Siedzi babka z dziadkiem na ławce.

Nagle dziadek ryp babkę w łeb a ona na to:

- Stary co ty u licha robisz?

- Bo jak se przypomnę, żeś ty cnoty nie miała.

01 listopada 2012 00:05
Zeby mi Moderator za to bana nie dal,jakby co ,to sie poprawie Moderatorze. Malzenstwo z racji tego ze Piotrus 4-letni w domku a huc ich napadla niemilosiernie,poszli do lazienki i zaczynaja zabawe od tylca,zona oparta o pralke mowi -Stefek a pralke mi kupisz,-tak Krycha ,kupie kupie;-a futro z lisa mi kupisz,-tak Krycha,kupie Ci kupie..........Cala sytuacje Piotrus podgladal przez dziurke od klucza,po wyjsciu rodzicow z lazienki,maly Piotrus zciagnal rajstopki z majteczkami,wypiol sie do Tatusia Stefka pupka i wola -Tatusiu a kredki swiecowe mi kupisz......
02 listopada 2012 20:01
Przychodzi baba do fryzjera z 3 wlosami na glowie-prosze cos wymyslic-a le co ja mam zrobic z tymi wlosami ,ma pani tylko 3-no moze warkocza-fryzjer plecie i w trakcie odpadl mu 1 wlos- Bardzo przepraszam ,ale odpadl 1 wlos i co teraz -No to moze niech pan uwiaze koka-fryzjer zaczol krecic koka i w tym momencie odpadl 2 wlos-Qrwa,odpadl 2 wlos,przepraszam,ale zostal tylko 1 wlos,-Wie pan co,to ja to pier...........wyjde w rozpuszczonych.
02 listopada 2012 20:02
Mowi zona do meza
02 listopada 2012 20:56
Cos nie poszlo,jeszcze raz napisze................................Pyta zona meza-Wiesz jak wyglada zgniecione 100 zl-Nie wiem-mowi znudzony maz,zona zgniotla banknot-Tak wyglada,a wiesz jak wyglada zgniecine 200zl-Nie wiem,mowi lekko zirytowany maz-zona zgniotla banknot-Tak wyglada,a wiesz ja wyglada zgniecine 100 tysiecy zl-maz juz wnerwiony wstal i krzyknol -Nie wiem-To idz do garazu i zobacz jak wyglada...........
02 listopada 2012 21:35 / 1 osobie podoba się ten post
wraca mąż do domu i pyta żony:

-kochanie co byś zrobiła jakbym wygrał w totolotka?

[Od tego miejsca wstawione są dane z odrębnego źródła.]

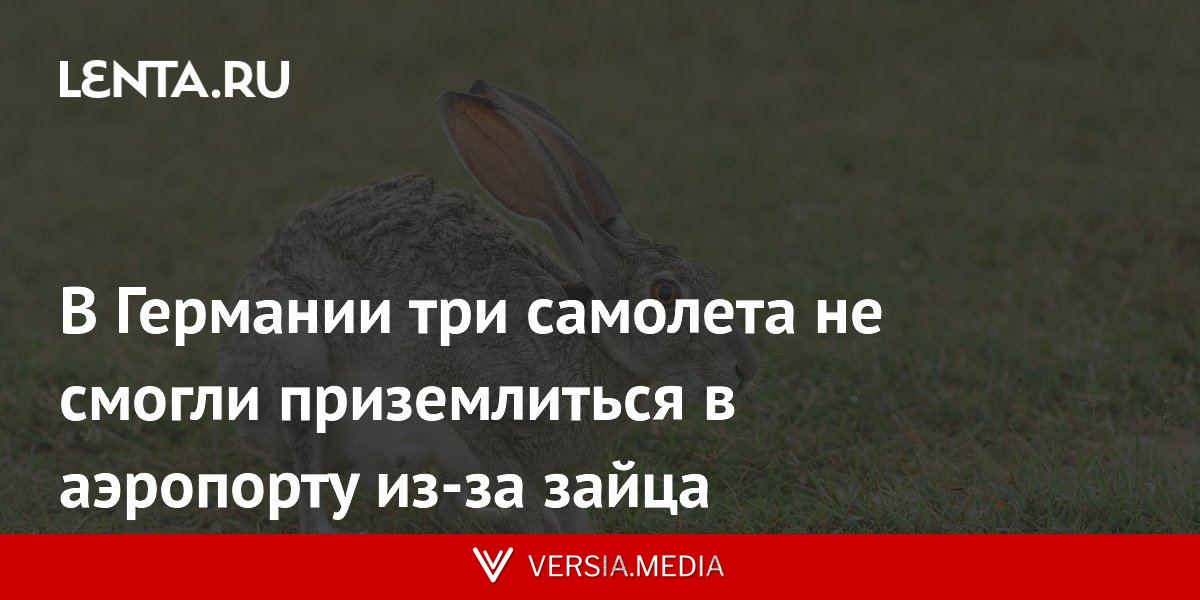 В Германии три самолета не смогли приземлиться в аэропорту из-за зайца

-wziełabym połowe i wyprowadziła się

Na to mąż:

-to masz 6 złotych i wyp...aj.
02 listopada 2012 22:02
Ostatni mnie roz....walił ))))))))
02 listopada 2012 22:44
Ogłoszenia parafialne





Spotkanie grupy terapeytycznej pomagającej wzmocnić poczucie wlasnej wartosci w środe wieczorem.

Prosimy używać tylnych drzwi.









We wtorek cotygodniowa katecheza tym razem na temat-"Jezus chodzi po wodzie".Temat katechezy w przyszłym tygodniu-"W poszukiwaniu Jezusa".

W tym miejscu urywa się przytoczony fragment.